What is expected: Only lines below containing the string "Silver" should be counted; please give that count by itself.
---------- Data for the task
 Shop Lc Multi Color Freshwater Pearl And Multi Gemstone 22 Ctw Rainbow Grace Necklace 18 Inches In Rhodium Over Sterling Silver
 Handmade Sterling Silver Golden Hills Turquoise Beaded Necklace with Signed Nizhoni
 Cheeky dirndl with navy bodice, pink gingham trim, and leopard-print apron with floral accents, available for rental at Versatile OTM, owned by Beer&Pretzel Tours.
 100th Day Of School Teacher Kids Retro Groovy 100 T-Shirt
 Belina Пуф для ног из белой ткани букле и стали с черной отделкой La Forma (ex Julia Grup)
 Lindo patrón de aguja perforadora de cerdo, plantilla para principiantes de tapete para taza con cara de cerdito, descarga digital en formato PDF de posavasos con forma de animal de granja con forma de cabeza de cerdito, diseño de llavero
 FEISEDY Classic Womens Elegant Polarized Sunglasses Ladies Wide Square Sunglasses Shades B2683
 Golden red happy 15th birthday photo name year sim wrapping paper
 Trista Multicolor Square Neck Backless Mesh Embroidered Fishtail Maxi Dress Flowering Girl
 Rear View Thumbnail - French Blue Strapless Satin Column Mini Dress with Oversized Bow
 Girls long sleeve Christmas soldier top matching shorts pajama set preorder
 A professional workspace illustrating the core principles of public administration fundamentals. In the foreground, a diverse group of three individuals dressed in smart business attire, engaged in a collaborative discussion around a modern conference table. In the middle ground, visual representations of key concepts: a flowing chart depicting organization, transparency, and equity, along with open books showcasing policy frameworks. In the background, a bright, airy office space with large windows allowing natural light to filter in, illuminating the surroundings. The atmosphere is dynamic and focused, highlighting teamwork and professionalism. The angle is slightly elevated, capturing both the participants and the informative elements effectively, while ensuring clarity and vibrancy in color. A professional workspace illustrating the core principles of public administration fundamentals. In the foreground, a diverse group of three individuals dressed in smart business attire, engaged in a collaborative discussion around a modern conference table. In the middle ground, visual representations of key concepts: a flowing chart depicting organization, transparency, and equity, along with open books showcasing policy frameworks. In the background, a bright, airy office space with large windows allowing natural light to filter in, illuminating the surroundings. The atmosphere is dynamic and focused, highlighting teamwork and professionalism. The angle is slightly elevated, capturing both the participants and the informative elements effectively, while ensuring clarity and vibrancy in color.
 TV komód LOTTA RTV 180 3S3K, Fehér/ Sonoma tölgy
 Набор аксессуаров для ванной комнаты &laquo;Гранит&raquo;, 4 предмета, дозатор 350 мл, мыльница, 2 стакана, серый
--------------------
Written solution: 2